How come when I change the order of the two sets in the unions below, I get different results?

```    set1 = {1, 2, 3}
set2 = {True, False}

print(set1 | set2)
# {False, 1, 2, 3}

print(set2 | set1)
#{False, True, 2, 3}
```

# Why the union() doesn't contain all items

The `1` and `True` are equivalent and considered to be duplicates. Likewise the `0` and `False` are equivalent as well:

```    >>> 1 == True
True
>>> 0 == False
True
```

# Which equivalent value is used

When multiple equivalent values are encountered, sets keep the first one seen:

```    >>> {0, False}
{0}
>>> {False, 0}
{False}
```

# Ways to make the values be distinct

To get them to be treated as distinct, just store them in a `(value, type)` pair:

```    >>> set1 = {(1, int), (2, int), (3, int)}
>>> set2 = {(True, bool), (False, bool)}
>>> set1 | set2
{(3, <class 'int'>), (1, <class 'int'>), (2, <class 'int'>),
(True, <class 'bool'>), (False, <class 'bool'>)}
>>> set1 & set2
set()
```

Another way to make the values distinct is to store them as strings:

```    >>> set1 = {'1', '2', '3'}
>>> set2 = {'True', 'False'}
>>> set1 | set2
{'2', '3', 'False', 'True', '1'}
>>> set1 & set2
set()
```

Hope this clears up the mystery and shows the way forward :-)
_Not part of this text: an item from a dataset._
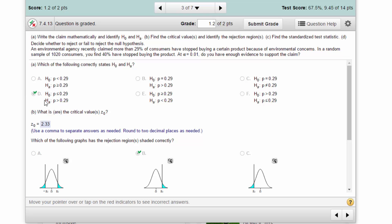So the null is P less than or equal to 0.29, and the alternative is P greater than 0.29. Remember, the symbol in the alternative points to the direction of the tail of the hypothesis test. This greater than symbol points to the right, therefore this is a right-tail test.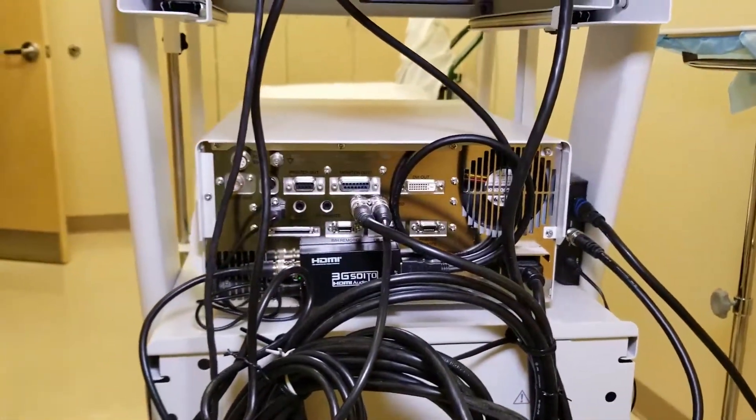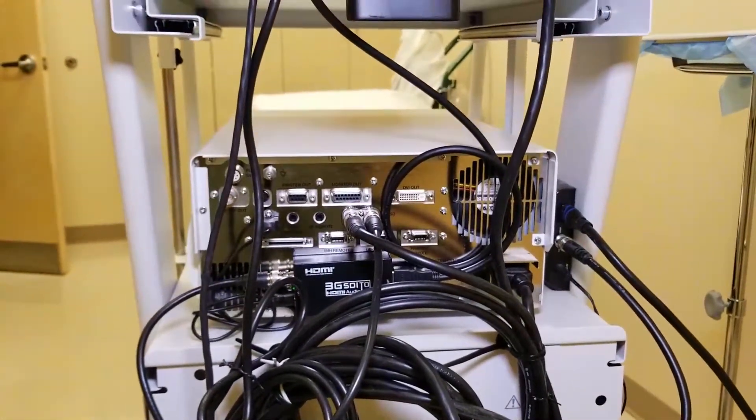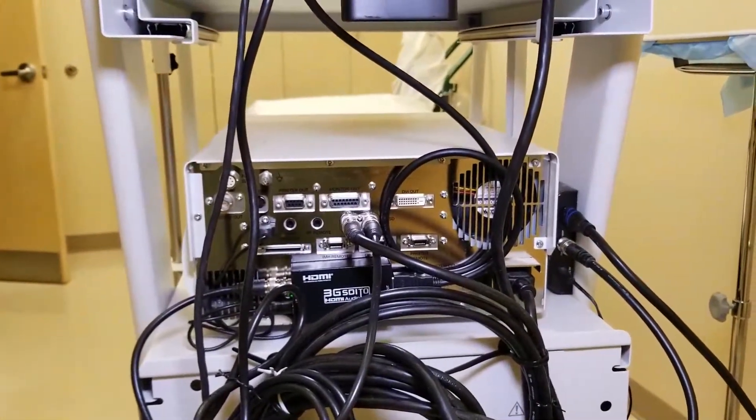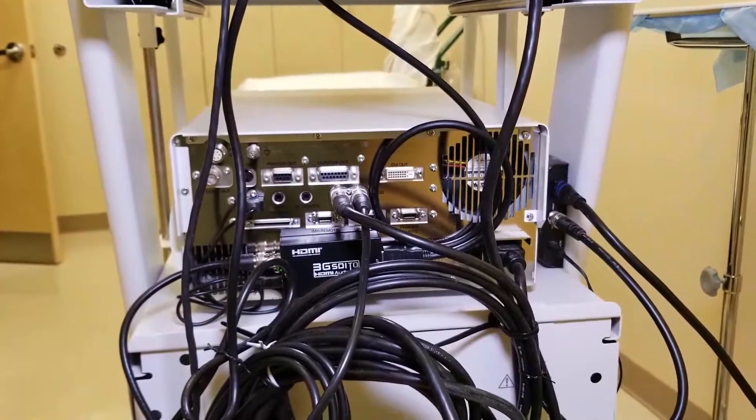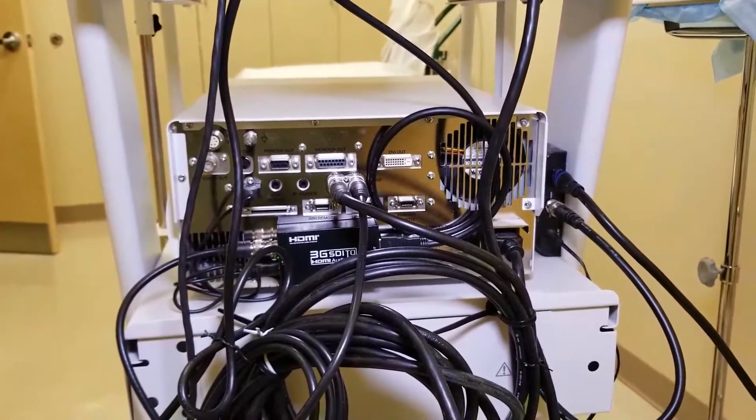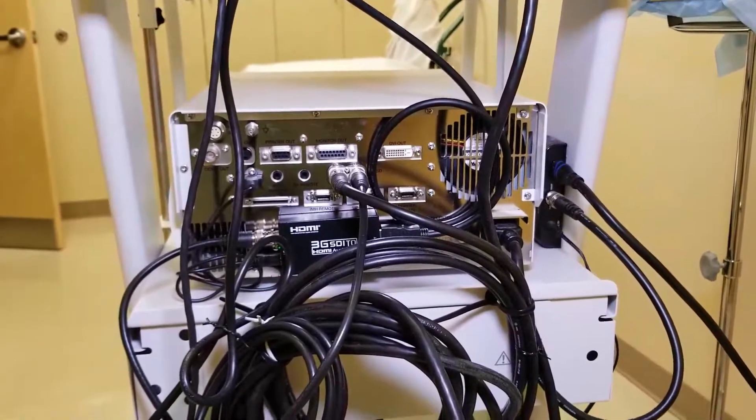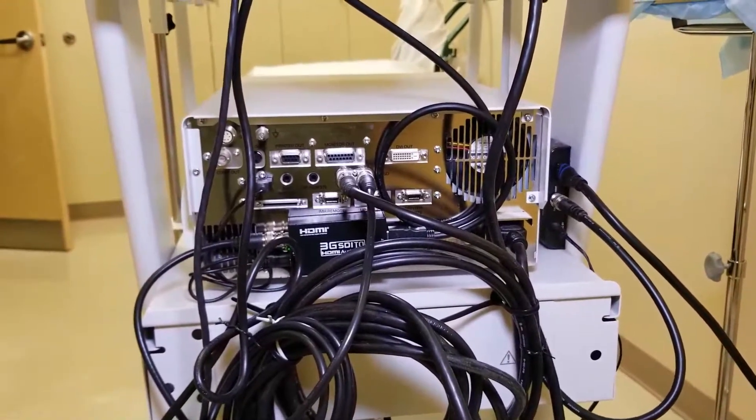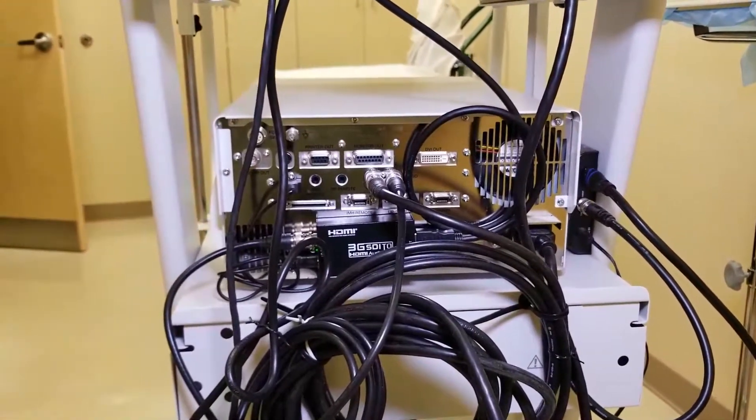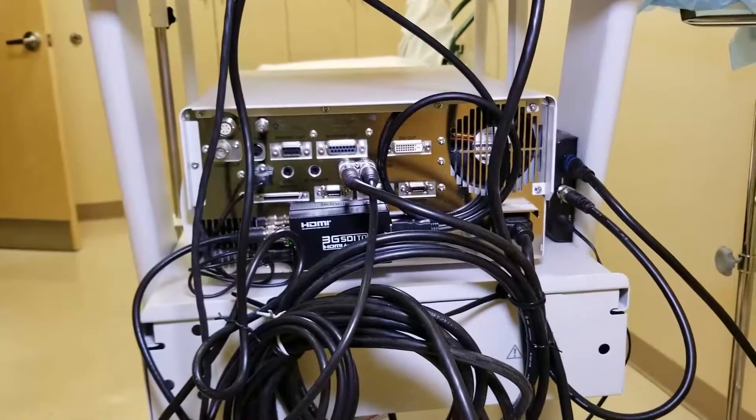So it's a very simple, inexpensive setup for you to have multiple monitors coming out of your Olympus video setup.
This is the standard technique for breaking cross-type equivalence (i.e. `0.0 == 0`, `True == 1`, and `Decimal(8.5) == 8.5)`. The technique is used in Python 2.7's regular expression module to force unicode regexes to be cached distinctly from otherwise equivalent str regexes. The technique is also used in Python 3 for functools.lru_cache() when the typed parameter is true.